So the first sentence of a story? It’s like a handshake, a curtain opening, a spark in the reader’s brain that ignites a desire to keep going. If it’s boring, people are out before they even get to the good part. If it’s sharp, weird, bubbling with unanswered questions—boom. They’re in. That first sentence sets the tone, hints at what’s coming. It’s the writer’s chance to say, “Trust me, this is worth it.” So, no pressure, but get that first line right.

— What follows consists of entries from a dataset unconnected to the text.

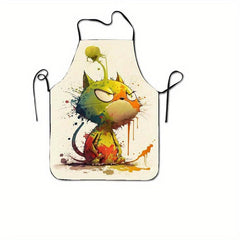 Halloween Angry Cat Pattern Polyester Apron Waterproof Waist Apron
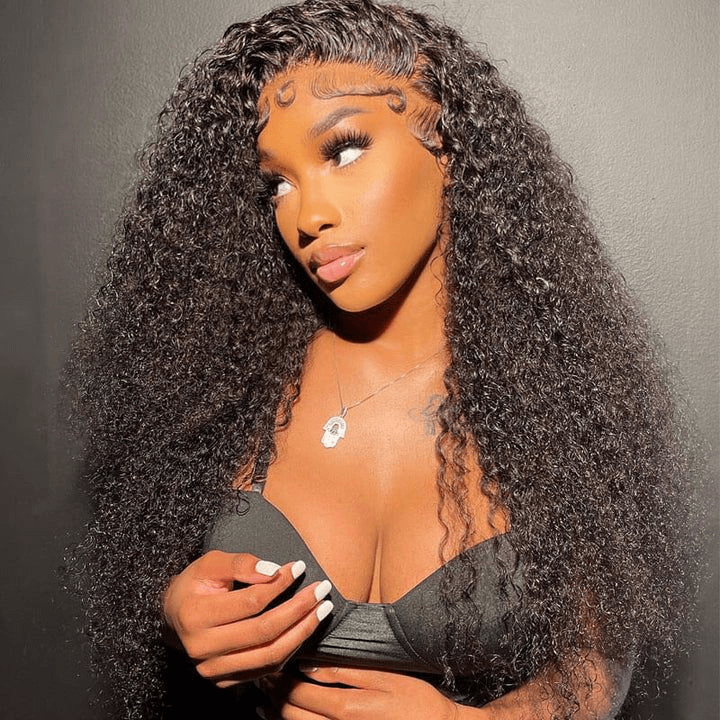 Pre Cut Lace | Kinky Curly 13x4 HD Lace Frontal Wig With Pre-plucked Edges Wig Easy Wear And Go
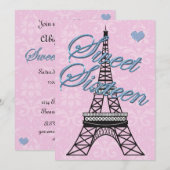 Sweet 16 Paris Eiffel Tower Birthday Invitation Kaart (Voorkant / Achterkant)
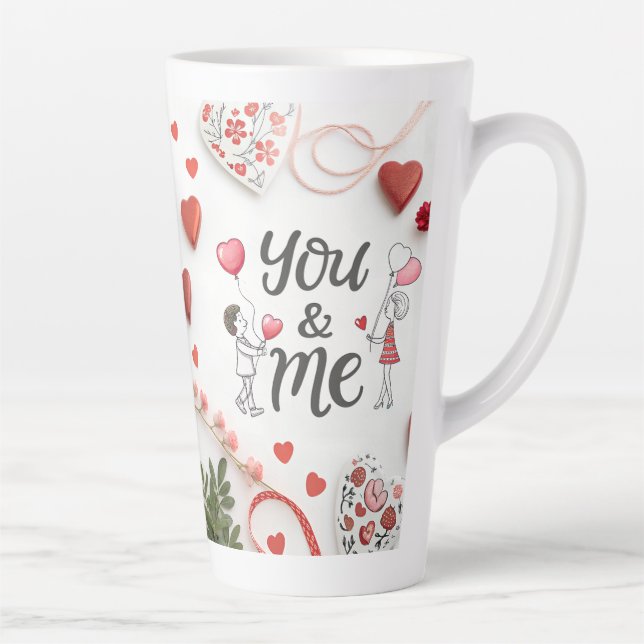Tasse Latte Saint-Valentin "Toi & Moi" romantique  (Droite)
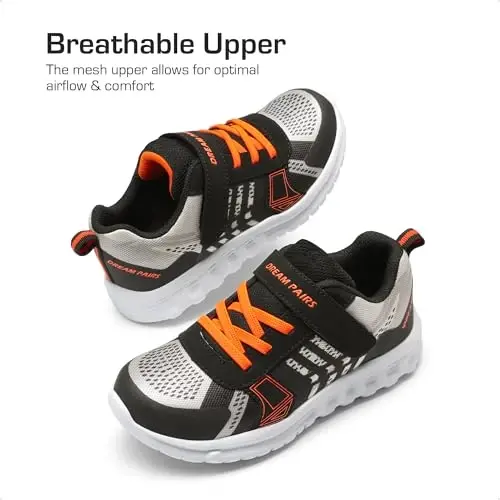 DREAM PAIRS Qizlar Bolalar Poyabzallari Bolalar Tennis EZ-Ons Quicksteps Maktab Krossovkalari Nafas Oluvchi Yugurish Atletik Poyabzallari - 3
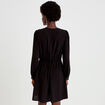 Robe courte &eacute;vas&eacute;e col v manches longues noir femme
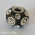 Black Euro Style Bead Studded with White Rhinestones and Metal Rings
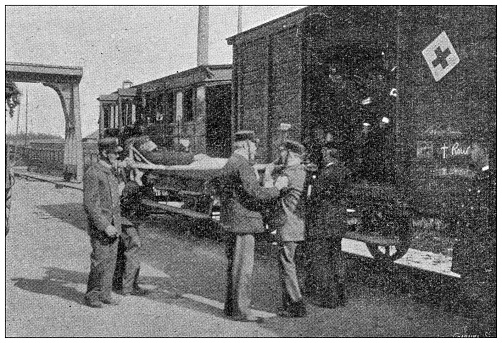 Antique image: Red cross training practice exercise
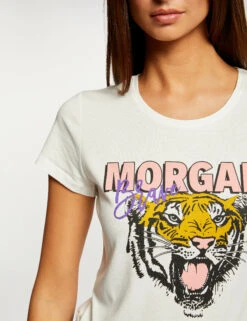 T-shirt à Manches Courtes Ecru Femme -Tenue Legere Boutique t shirt a manches courtes ecru femme vue4 32536300929600201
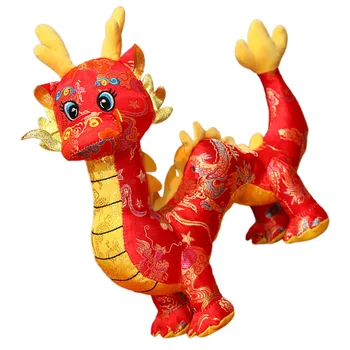 Плюшена животинска кукла играчка плюшена китайска нова година талисман дракон кукла 2024 година Драконът Зодиак играчки подарък Коледа Лунен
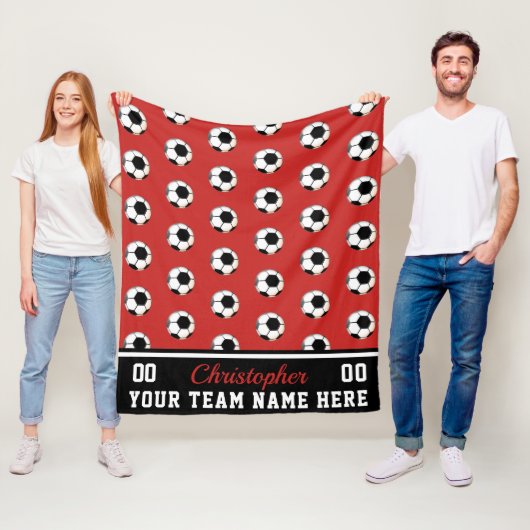 Red | BW Voetbal Naam | Nummer | team Fleece Deken (In situ)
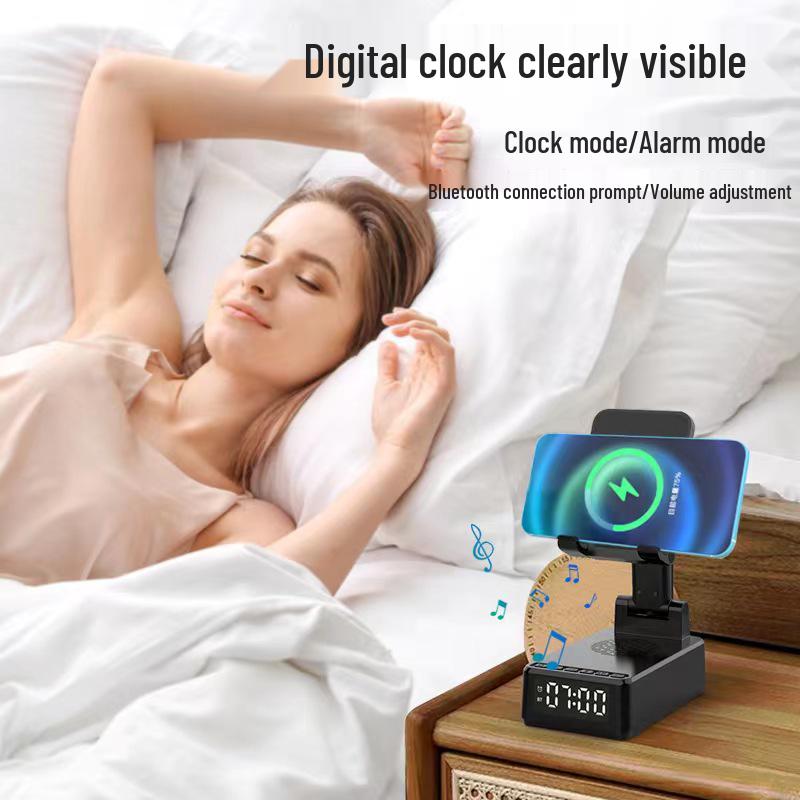 Portable Multifunctional Bluetooth Speaker with Alarm Clock, Wireless Charger & Phone Holder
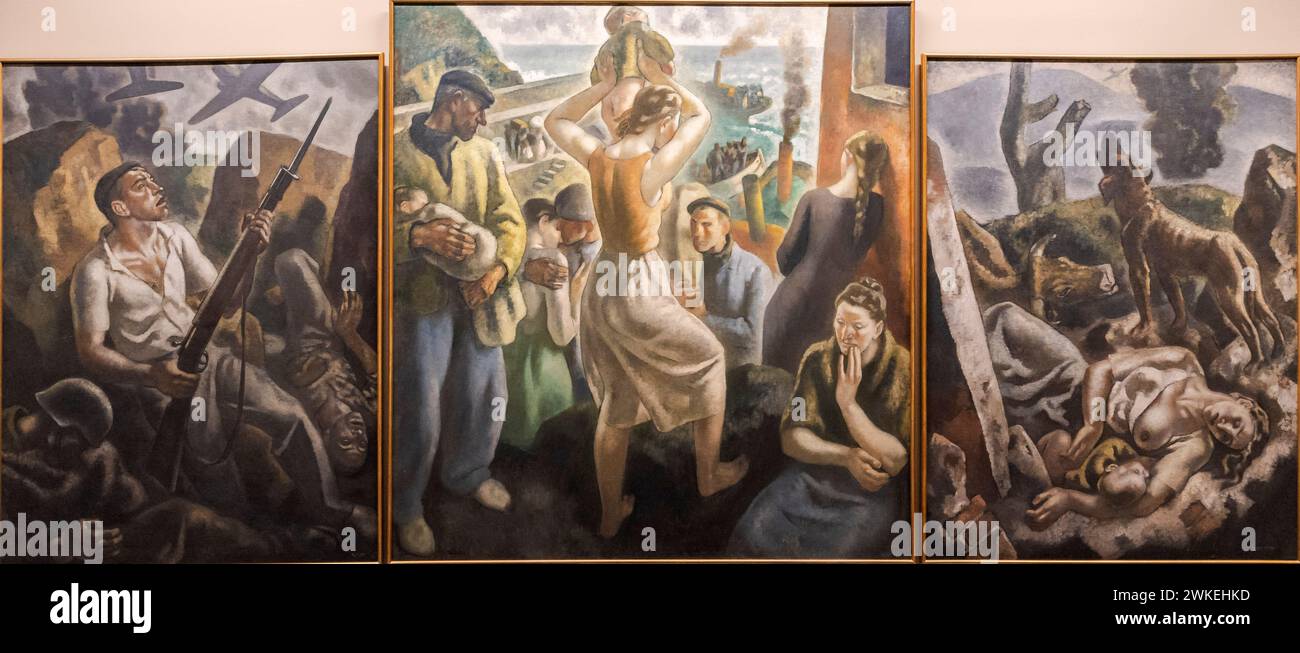 Aurelio Arteta, Triptychon des Krieges. Die Vorderseite, die Exodus, die Rückseite, um 1937-1938, Öl auf Leinwand, Alava Fine Arts Museum, Vitoria, Baskenland, Spanien. Stockfoto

In this 90-minute class, we’ll dive into first sentences from published books and short stories, picking apart what makes them so irresistible. Why this word? Why that syntax? That image? What’s there—and just as important—what’s not there? Then, using those sentences as blueprints, you’ll craft your own. By the end, if all goes well, you’ll have a solid stack of opening lines ready to sprout into full-blown stories.
INSTRUCTOR BIO ✏︎
Nina Schuyler is an award-winning author whose short story collection In this Ravishing World won the W.S. Porter Prize and the Prism Prize for Climate Literature and will be published by Regal House in 2024. Her novels and craft books, including Afterword, The Translator, and How to Write Stunning Sentences, have earned numerous honors and bestseller status. She teaches creative writing at Stanford Continuing Studies, The Writing Salon, and Book Passage, writes a prose style column for Fiction Advocate, and reviews for The Millions. A graduate of Stanford, UC Law SF, and San Francisco State (MFA), she lives in Northern California with her family.